8 de octubre de 2017

meditando la Palabra de Dios. Domingo XXVII , A


               “Todo lo que es verdadero, noble, justo, puro, amable, laudable, todo lo que es virtud o mérito, tenedlo en cuenta. Y lo que aprendisteis, recibisteis, oísteis y visteis en mí, ponedlo por obra. Y el Dios de la paz estará con vosotros”. El apóstol Pablo invita así a sus discípulos de Filipos a comportarse como verdaderos seguidores de Jesús. Porque en efecto, no son las palabras sino las obras las que muestran la disposición real de cada una de las personas. Es en este sentido que hay que entender las palabras de Jesús: “Por sus frutos los conoceréis”. No por sus palabras, por elegantes y rebuscadas que sean, sino por sus frutos, por sus obras. Y este criterio es válido tanto para quienes ocupan los puestos más elevados de la Iglesia y de la sociedad como para los que pasan desapercibidos, dedicados a hacer el bien en la humildad de la existencia de cada día. El mundo, los hombres, estamos cansados de discursos y de teorías: queremos actitudes claras, que no dejen lugar a dudas, obras y acciones que convenzan. Ahí radica la importancia del programa delineado por Pablo a los cristianos de Filipos.
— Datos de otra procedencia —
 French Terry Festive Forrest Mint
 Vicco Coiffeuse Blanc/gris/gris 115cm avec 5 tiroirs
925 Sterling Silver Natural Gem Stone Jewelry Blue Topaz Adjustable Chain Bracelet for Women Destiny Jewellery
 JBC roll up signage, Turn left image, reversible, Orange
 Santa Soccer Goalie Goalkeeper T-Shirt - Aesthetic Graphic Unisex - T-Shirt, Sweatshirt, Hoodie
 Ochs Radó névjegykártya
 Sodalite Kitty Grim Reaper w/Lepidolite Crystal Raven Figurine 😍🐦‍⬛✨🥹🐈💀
         “Por sus frutos los conoceréis”. En la primera lectura ha sido leído el célebre canto de la viña del profeta Isaías. Se trata de un antiguo canto popular, que expresa el amargo lamento de un hombre enamorado ante la infidelidad de la mujer amada. El texto habla de los esfuerzos redoblados de un hombre hacia su viña, deseoso de obtener de ella frutos óptimos y abundantes. Pero la espera anhelante de los frutos como respuesta a sus desvelos, termina en el fracaso, pues la viña sólo saber dar agraces. Isaías se sirve del poema para reprochar a los habitantes de Jerusalén su infidelidad hacia Dios. La viña del Señor de los ejércitos, dice el profeta, es la casa de Israel. Esperó de ellos derecho, y ahí tenéis: asesinatos; esperó justicia y ahí tanéis: lamentos. Israel, el pueblo escogido por Dios, no se mantuvo fiel al Dios que lo había amado.
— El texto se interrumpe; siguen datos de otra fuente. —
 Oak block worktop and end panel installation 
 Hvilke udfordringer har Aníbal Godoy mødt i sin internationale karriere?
         La parábola que Jesús cuenta en el evangelio es muy afín al poema de Isaías. El texto evangélico describe con más realismo si cabe las torpezas de los hombres que no quieren someterse a Dios, más aún que casi intentan corregir el mismo plan de salvación. La falta de fruto en el momento de la cosecha queda subrayada de modo patente con el comportamiento desacertado de los labradores hacia los enviados por el amo de la viña, y sobre todo hacia su propio hijo. Si sabemos interpretar las palabras de Jesús, nos recuerda la suerte corrida por los profetas del antiguo testamento, así como lo que estaba por sucederle a él mismo.
         Pero no sería justo criticar al pueblo judío, echándole en cara su infidelidad. Si somos sinceros hemos de reconocer que nosotros, los cristianos que formamos la Iglesia, el nuevo Israel de Dios, tampoco hemos sido siempre fieles, y que a menudo hemos actuado en contra de la voluntad de Dios. Las palabras del profeta insinuando que el amor decepcionado puede abandonar, aún con pesar, a la viña a su propia suerte, lo que supone la ruina, valen también para nosotros. La alianza que Dios ofrece a su pueblo exige hacer de la vida un servicio constante a Dios. La alianza de Dios con Israel no dió el fruto que se esperaba. La alianza de Dios con el nuevo Israel, la Iglesia, que tiene como piedra angular al mismo Jesús, debería dar el fruto esperado, pero también puede decepcionar, puede ser infiel a la llamada recibida.

         Si no damos fruto, podemos perder lo que tenemos. No se puede vivir de renta en el campo del espíritu. La historia de la salvación, personal o comunitaria, es una delicada, larga, difícil y trágica contienda entre el amor de Dios, siempre fiel a sus promesas, y la veleidad de los hombres, siempre fáciles a dejarnos llevar por el capricho, por los propios criterios y principios, hijos de nuestra poca disponibilidad en reconcernos criaturas de Dios. Urge pues disponer nuestro espíritu para poner en obra, según la palabra del apóstol, todo lo que aprendimos, recibimos, oímos y vimos en aquellos que nos iniciaron a la fe. Con oración incesante, supliquemos a Dios que nos conceda que nuestra vida responda a sus cuidados y podamos dar el fruto que espera de nosotros.